*Exercise prompt*
The copy must run from the first line of the entries below through the line containing "Ribbon Closure Collapsible", restated word for word, with pictures left out.

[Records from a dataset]
══════════
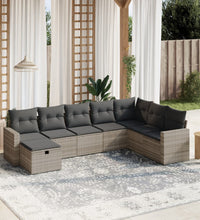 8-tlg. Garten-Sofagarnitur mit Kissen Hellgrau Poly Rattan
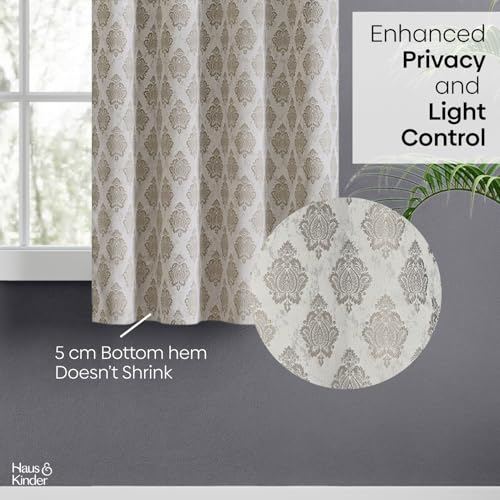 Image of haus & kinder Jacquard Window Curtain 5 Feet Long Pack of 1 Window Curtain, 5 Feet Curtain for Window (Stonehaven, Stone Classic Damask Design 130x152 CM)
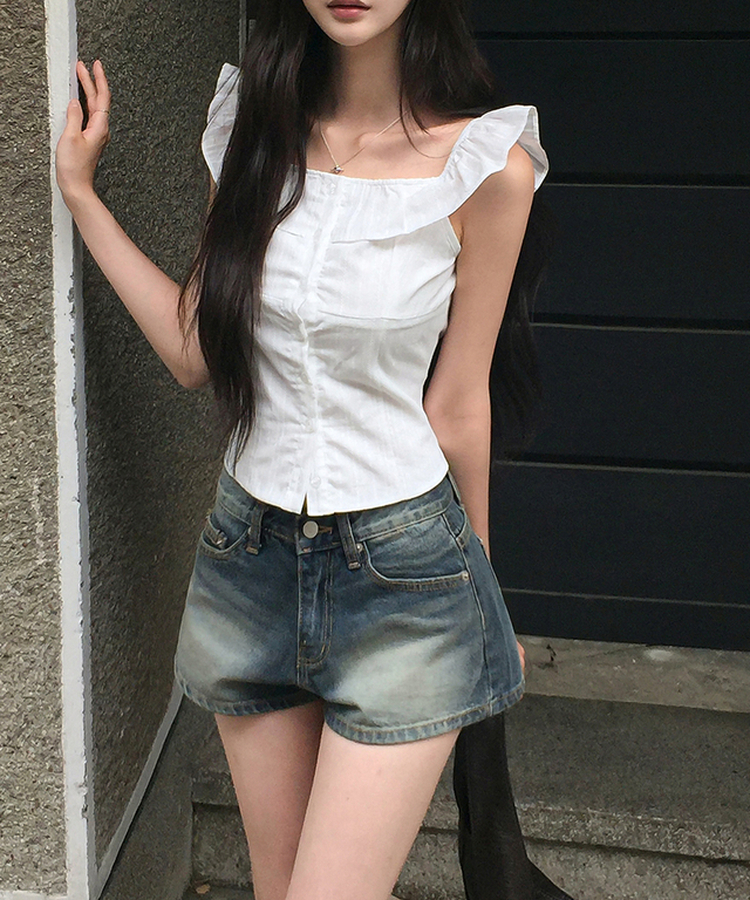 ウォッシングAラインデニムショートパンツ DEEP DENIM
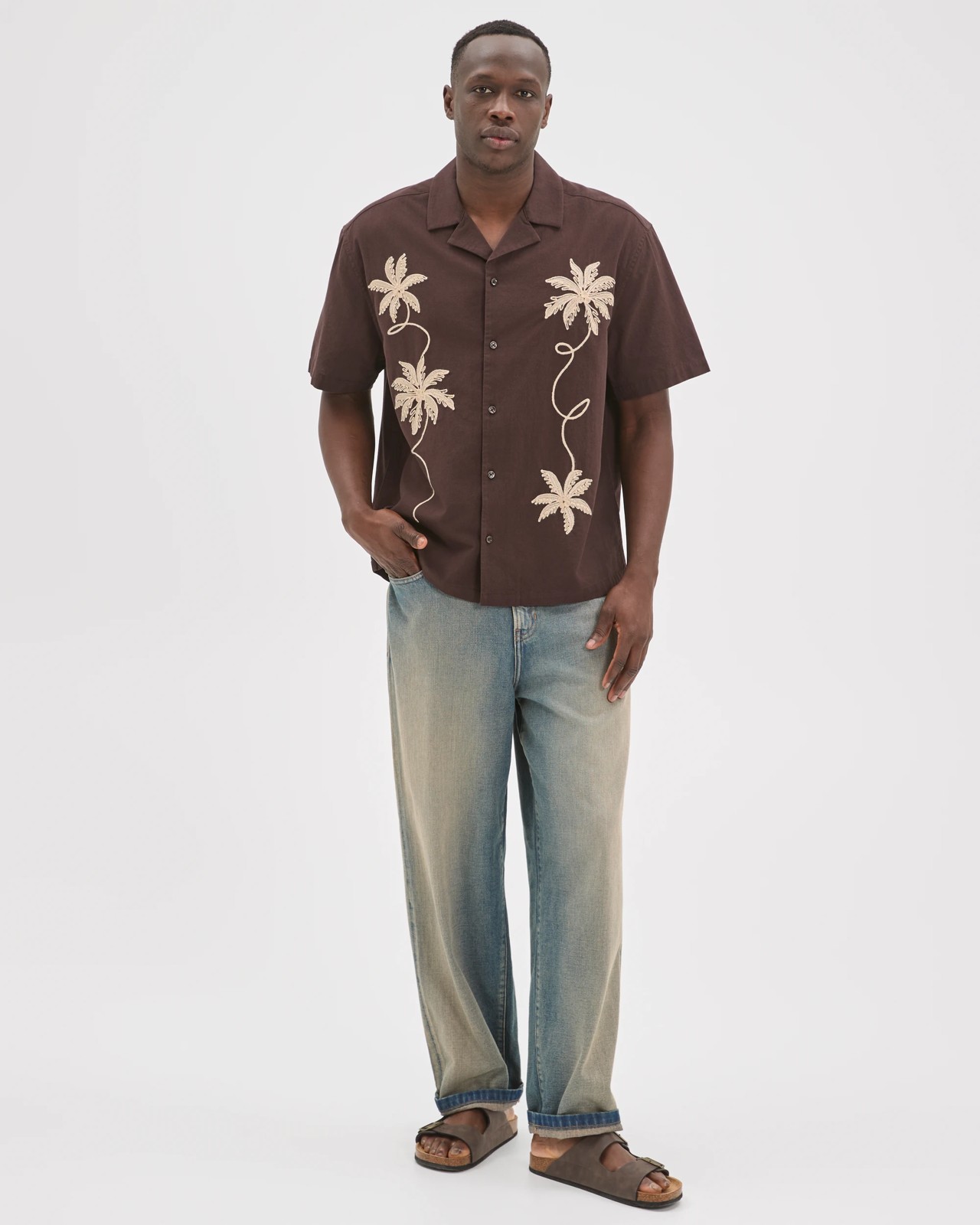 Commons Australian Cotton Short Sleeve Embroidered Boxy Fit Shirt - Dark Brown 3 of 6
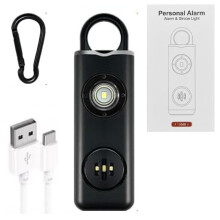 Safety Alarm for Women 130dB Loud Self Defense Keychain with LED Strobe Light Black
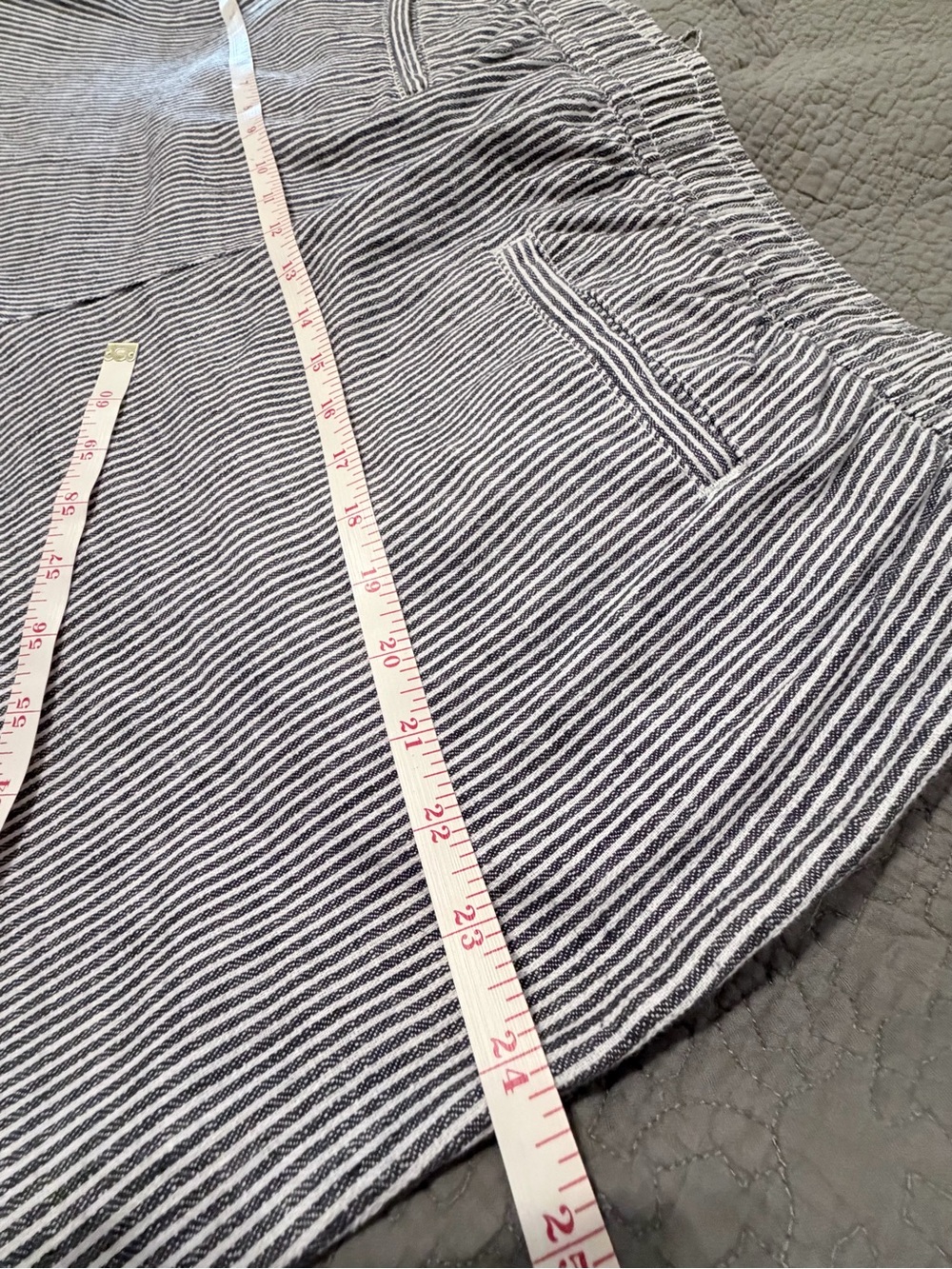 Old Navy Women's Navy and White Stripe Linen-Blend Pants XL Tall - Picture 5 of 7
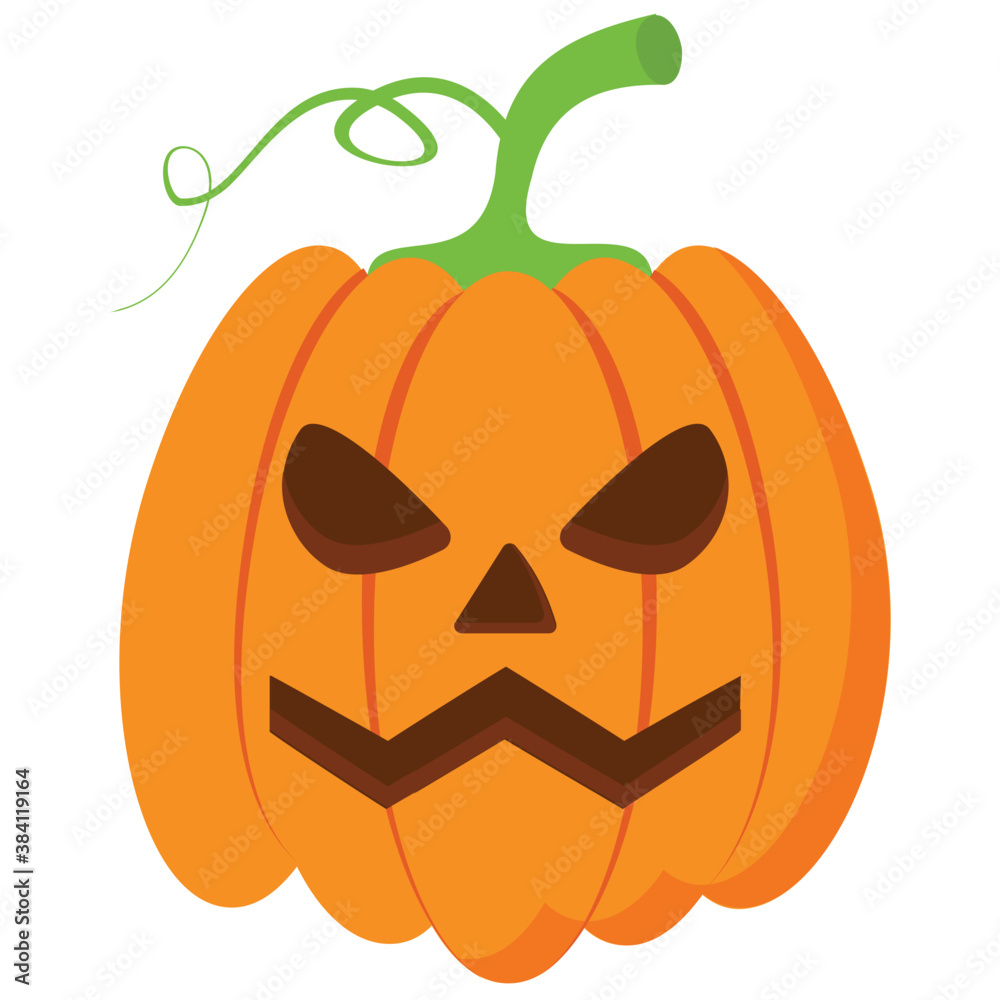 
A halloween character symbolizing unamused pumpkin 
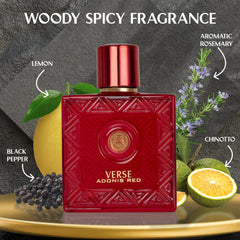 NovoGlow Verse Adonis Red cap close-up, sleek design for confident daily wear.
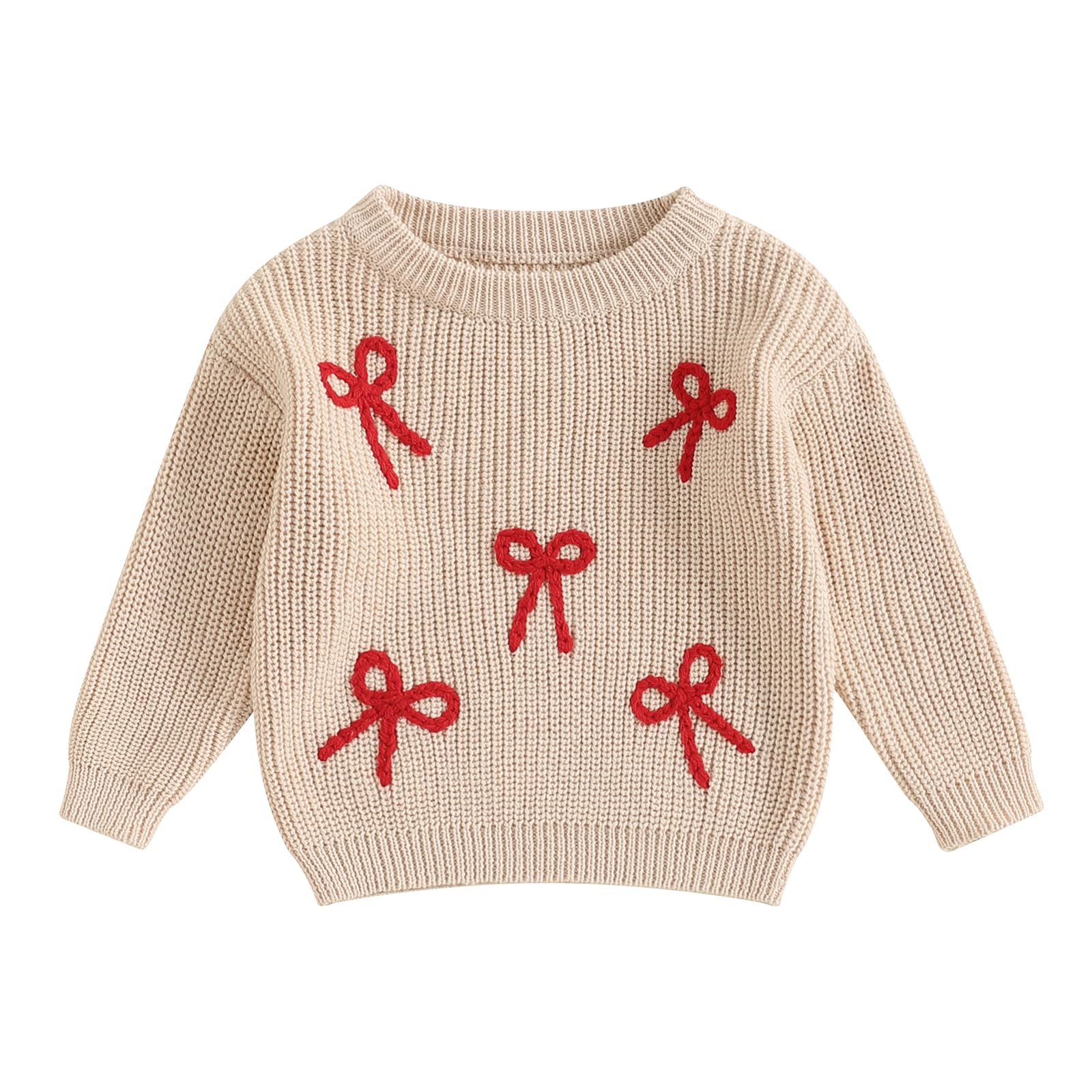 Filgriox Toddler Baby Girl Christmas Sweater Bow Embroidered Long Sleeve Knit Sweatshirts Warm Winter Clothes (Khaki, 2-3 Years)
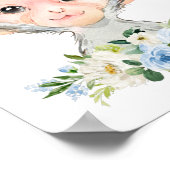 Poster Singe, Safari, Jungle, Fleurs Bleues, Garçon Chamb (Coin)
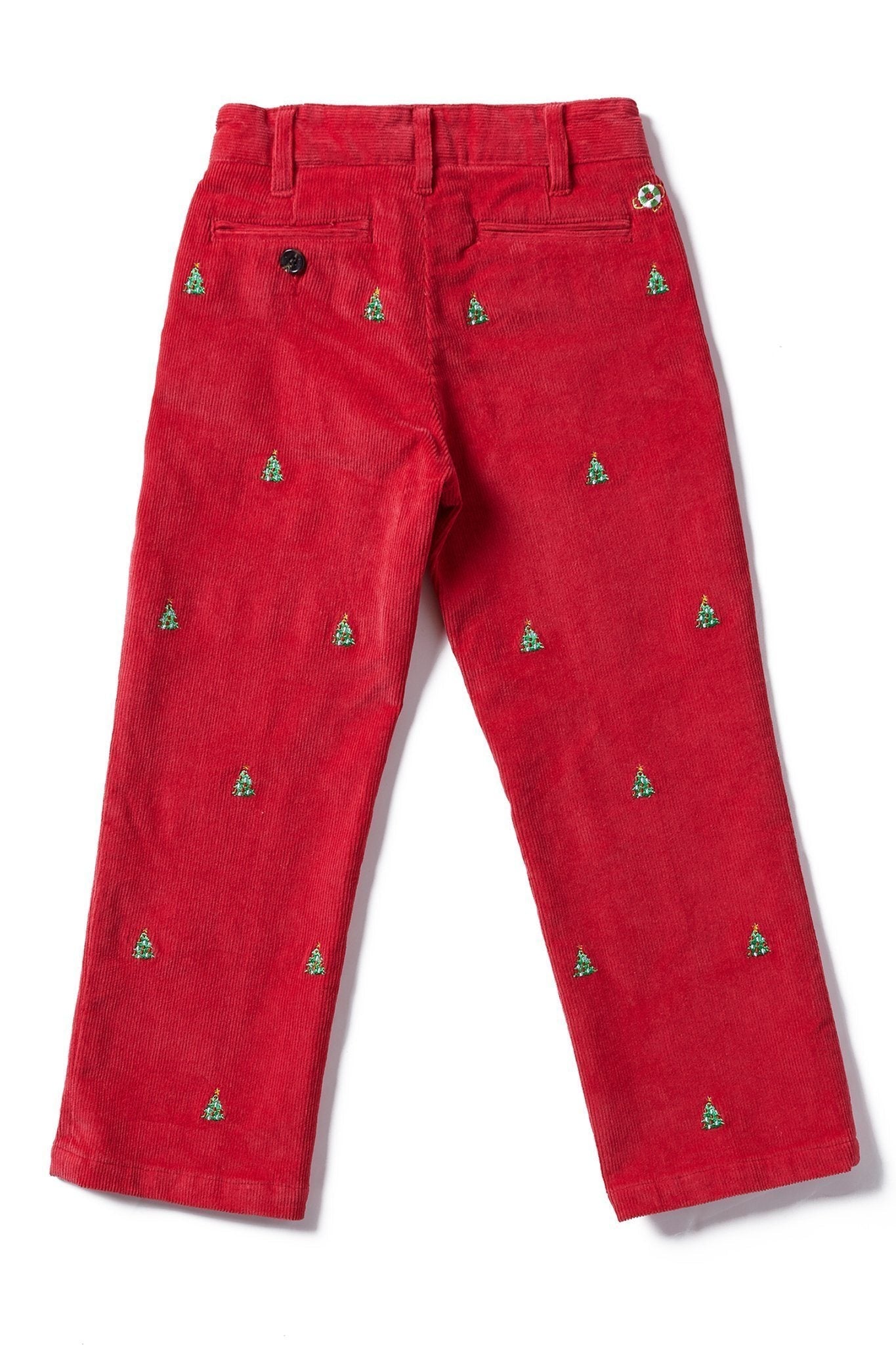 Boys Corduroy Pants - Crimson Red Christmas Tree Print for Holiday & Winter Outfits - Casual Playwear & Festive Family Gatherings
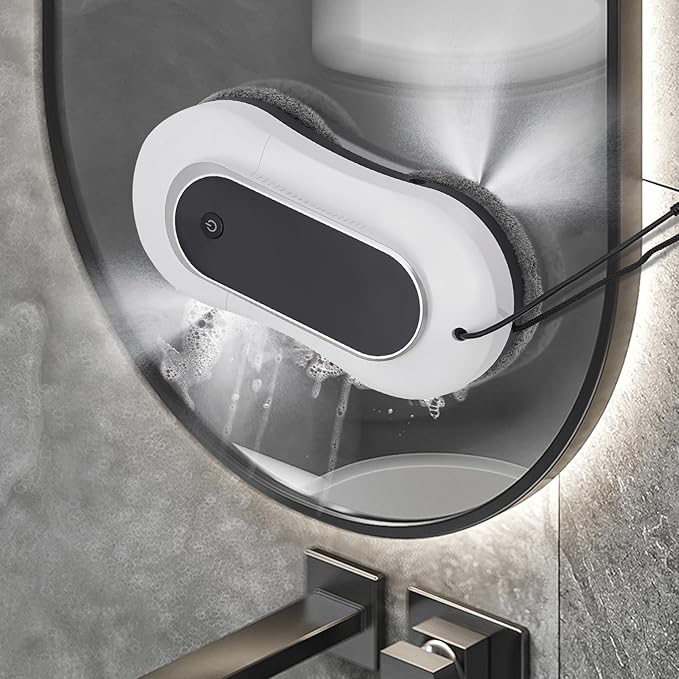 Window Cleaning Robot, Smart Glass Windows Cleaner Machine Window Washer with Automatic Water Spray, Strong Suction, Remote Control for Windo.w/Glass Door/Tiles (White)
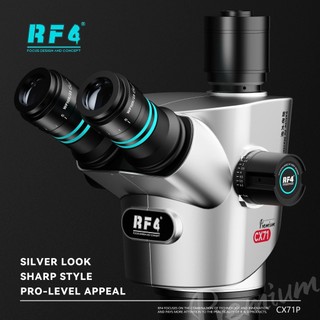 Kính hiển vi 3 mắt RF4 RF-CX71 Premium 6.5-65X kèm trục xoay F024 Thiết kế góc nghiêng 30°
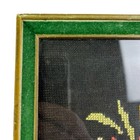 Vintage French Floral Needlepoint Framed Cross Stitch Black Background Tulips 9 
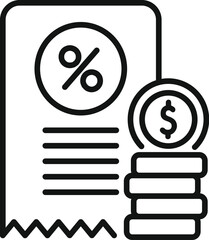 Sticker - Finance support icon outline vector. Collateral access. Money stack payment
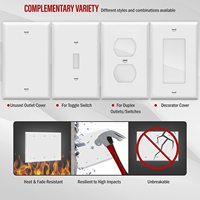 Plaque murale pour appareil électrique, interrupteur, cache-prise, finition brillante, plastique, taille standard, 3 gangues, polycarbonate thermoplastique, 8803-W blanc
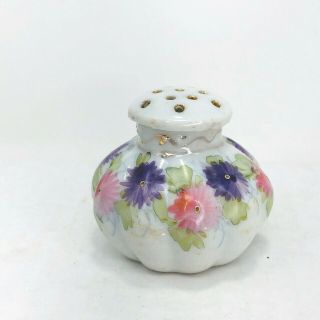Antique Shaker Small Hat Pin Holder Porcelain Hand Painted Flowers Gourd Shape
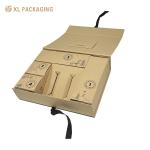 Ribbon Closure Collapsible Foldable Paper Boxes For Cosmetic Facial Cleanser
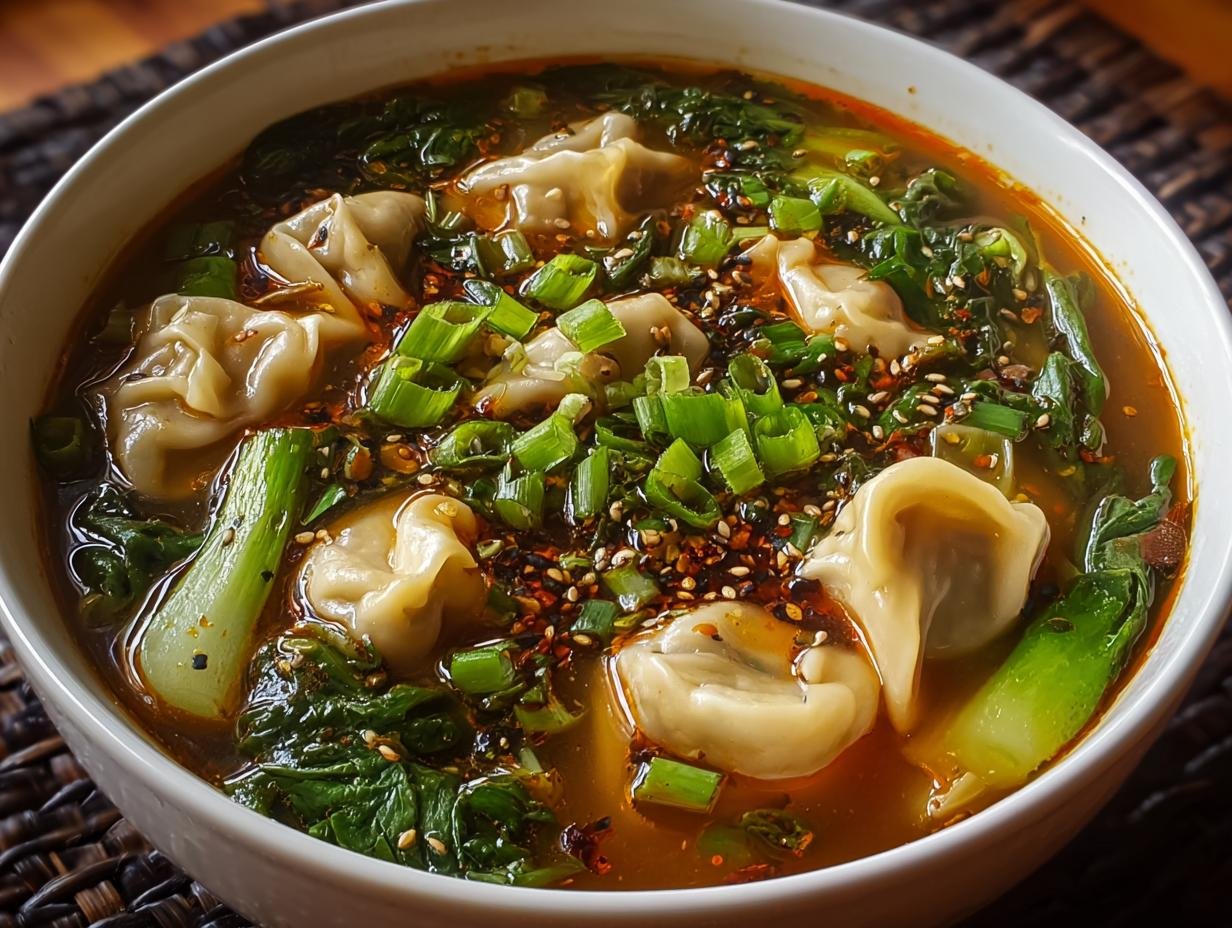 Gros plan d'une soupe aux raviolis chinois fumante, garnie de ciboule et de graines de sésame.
══════════
*Expected output*
 8-tlg. Garten-Sofagarnitur mit Kissen Hellgrau Poly Rattan
 Image of haus & kinder Jacquard Window Curtain 5 Feet Long Pack of 1 Window Curtain, 5 Feet Curtain for Window (Stonehaven, Stone Classic Damask Design 130x152 CM)
 ウォッシングAラインデニムショートパンツ DEEP DENIM
 Commons Australian Cotton Short Sleeve Embroidered Boxy Fit Shirt - Dark Brown 3 of 6
 Safety Alarm for Women 130dB Loud Self Defense Keychain with LED Strobe Light Black
 Old Navy Women's Navy and White Stripe Linen-Blend Pants XL Tall - Picture 5 of 7
A halloween character symbolizing unamused pumpkin 
 NovoGlow Verse Adonis Red cap close-up, sleek design for confident daily wear.
 Filgriox Toddler Baby Girl Christmas Sweater Bow Embroidered Long Sleeve Knit Sweatshirts Warm Winter Clothes (Khaki, 2-3 Years)
 Poster Singe, Safari, Jungle, Fleurs Bleues, Garçon Chamb (Coin)
 Boys Corduroy Pants - Crimson Red Christmas Tree Print for Holiday & Winter Outfits - Casual Playwear & Festive Family Gatherings
 Window Cleaning Robot, Smart Glass Windows Cleaner Machine Window Washer with Automatic Water Spray, Strong Suction, Remote Control for Windo.w/Glass Door/Tiles (White)
 Kính hiển vi 3 mắt RF4 RF-CX71 Premium 6.5-65X kèm trục xoay F024 Thiết kế góc nghiêng 30°
 Vintage French Floral Needlepoint Framed Cross Stitch Black Background Tulips 9 
 Sticker - Finance support icon outline vector. Collateral access. Money stack payment
 Plaque murale pour appareil électrique, interrupteur, cache-prise, finition brillante, plastique, taille standard, 3 gangues, polycarbonate thermoplastique, 8803-W blanc
Antique Shaker Small Hat Pin Holder Porcelain Hand Painted Flowers Gourd Shape
 Ribbon Closure Collapsible Foldable Paper Boxes For Cosmetic Facial Cleanser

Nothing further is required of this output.